[[ Supplied entries open ]]

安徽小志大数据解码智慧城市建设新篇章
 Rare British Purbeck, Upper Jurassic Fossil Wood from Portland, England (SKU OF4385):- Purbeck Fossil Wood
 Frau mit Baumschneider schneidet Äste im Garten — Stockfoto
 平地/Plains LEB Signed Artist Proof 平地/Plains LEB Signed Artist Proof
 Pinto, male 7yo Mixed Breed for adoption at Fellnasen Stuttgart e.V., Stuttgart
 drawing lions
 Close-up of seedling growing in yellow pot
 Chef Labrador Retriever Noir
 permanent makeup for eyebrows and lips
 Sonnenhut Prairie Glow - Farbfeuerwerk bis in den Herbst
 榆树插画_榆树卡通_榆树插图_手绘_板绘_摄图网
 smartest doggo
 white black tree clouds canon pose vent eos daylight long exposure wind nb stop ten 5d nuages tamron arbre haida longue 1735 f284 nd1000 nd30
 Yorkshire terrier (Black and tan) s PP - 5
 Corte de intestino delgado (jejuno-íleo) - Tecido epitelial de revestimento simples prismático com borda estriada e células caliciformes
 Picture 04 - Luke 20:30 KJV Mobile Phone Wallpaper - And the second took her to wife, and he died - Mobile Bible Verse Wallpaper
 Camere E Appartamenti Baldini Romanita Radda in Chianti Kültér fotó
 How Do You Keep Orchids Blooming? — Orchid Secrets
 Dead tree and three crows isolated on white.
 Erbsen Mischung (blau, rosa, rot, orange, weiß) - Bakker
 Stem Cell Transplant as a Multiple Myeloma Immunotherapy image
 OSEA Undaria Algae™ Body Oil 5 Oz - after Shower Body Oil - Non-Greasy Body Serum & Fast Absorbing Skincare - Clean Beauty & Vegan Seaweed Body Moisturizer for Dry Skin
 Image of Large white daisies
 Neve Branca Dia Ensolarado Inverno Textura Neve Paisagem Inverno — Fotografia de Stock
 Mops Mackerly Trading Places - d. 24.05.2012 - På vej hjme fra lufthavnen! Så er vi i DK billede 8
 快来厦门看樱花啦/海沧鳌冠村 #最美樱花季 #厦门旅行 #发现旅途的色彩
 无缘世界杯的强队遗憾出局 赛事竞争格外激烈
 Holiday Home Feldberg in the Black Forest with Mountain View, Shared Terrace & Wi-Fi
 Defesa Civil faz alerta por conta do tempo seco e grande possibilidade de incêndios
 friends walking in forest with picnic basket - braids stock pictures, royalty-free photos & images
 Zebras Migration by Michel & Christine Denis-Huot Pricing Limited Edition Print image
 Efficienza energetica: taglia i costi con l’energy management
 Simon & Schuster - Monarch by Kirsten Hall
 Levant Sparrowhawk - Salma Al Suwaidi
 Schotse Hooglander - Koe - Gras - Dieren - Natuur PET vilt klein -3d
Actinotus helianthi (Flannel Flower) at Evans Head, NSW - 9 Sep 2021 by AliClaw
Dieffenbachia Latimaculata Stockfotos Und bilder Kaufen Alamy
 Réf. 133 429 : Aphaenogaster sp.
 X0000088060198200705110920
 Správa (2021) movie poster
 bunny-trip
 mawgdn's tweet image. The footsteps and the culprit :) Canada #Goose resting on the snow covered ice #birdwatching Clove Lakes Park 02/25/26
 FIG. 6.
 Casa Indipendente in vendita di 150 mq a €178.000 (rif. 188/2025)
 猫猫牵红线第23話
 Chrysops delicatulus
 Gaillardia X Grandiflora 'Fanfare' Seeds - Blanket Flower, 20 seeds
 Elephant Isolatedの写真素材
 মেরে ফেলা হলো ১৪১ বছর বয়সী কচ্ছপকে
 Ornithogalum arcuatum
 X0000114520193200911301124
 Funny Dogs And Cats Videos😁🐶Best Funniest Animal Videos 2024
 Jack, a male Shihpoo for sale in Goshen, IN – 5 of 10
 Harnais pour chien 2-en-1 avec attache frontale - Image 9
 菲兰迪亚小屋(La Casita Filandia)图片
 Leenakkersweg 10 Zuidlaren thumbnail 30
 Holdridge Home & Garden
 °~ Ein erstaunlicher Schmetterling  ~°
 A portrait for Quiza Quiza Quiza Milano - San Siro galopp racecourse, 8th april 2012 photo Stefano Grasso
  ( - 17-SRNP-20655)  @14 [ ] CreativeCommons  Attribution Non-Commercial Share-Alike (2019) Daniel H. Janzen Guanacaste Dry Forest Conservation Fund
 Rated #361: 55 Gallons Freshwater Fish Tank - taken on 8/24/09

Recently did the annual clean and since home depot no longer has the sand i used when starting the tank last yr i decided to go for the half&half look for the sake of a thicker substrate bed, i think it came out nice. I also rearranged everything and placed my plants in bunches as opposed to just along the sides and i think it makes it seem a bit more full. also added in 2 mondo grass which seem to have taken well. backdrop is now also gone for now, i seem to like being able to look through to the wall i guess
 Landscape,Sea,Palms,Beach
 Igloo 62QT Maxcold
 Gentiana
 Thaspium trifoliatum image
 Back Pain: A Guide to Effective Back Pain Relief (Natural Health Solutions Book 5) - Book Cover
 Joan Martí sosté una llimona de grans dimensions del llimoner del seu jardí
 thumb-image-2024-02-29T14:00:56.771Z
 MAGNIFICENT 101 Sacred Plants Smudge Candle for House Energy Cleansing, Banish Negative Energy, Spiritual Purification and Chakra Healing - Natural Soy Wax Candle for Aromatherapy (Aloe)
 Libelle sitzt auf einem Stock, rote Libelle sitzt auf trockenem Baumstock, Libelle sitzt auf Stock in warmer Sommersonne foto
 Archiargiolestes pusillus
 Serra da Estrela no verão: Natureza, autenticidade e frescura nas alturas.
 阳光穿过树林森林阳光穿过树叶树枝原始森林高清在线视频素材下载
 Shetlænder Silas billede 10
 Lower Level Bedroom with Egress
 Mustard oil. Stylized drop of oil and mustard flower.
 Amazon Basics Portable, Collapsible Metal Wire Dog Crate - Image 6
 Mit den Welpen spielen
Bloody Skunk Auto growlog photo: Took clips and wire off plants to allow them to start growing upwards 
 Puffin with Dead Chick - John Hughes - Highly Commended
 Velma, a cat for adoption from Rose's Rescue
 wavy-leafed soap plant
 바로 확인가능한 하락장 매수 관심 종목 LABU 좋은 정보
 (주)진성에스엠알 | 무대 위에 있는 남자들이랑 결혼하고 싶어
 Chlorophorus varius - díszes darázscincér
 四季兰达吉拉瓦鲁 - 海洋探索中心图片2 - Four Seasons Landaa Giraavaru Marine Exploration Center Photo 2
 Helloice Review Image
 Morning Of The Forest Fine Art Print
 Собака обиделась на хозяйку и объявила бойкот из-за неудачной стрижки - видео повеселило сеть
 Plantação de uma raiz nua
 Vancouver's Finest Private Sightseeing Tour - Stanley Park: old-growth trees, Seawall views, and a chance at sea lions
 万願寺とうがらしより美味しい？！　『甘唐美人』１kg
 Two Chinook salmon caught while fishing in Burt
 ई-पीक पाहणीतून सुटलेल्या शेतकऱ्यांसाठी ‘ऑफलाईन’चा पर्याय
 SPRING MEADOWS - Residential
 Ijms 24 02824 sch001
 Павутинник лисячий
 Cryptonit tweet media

[[ Supplied entries closed ]]

What you need to do
In the data above, repeat exactly each line from the first through the line that contains "平地/Plains LEB Signed Artist Proof 平地/Plains", and give nothing else.

Finished task
安徽小志大数据解码智慧城市建设新篇章
 Rare British Purbeck, Upper Jurassic Fossil Wood from Portland, England (SKU OF4385):- Purbeck Fossil Wood
 Frau mit Baumschneider schneidet Äste im Garten — Stockfoto
 平地/Plains LEB Signed Artist Proof 平地/Plains LEB Signed Artist Proof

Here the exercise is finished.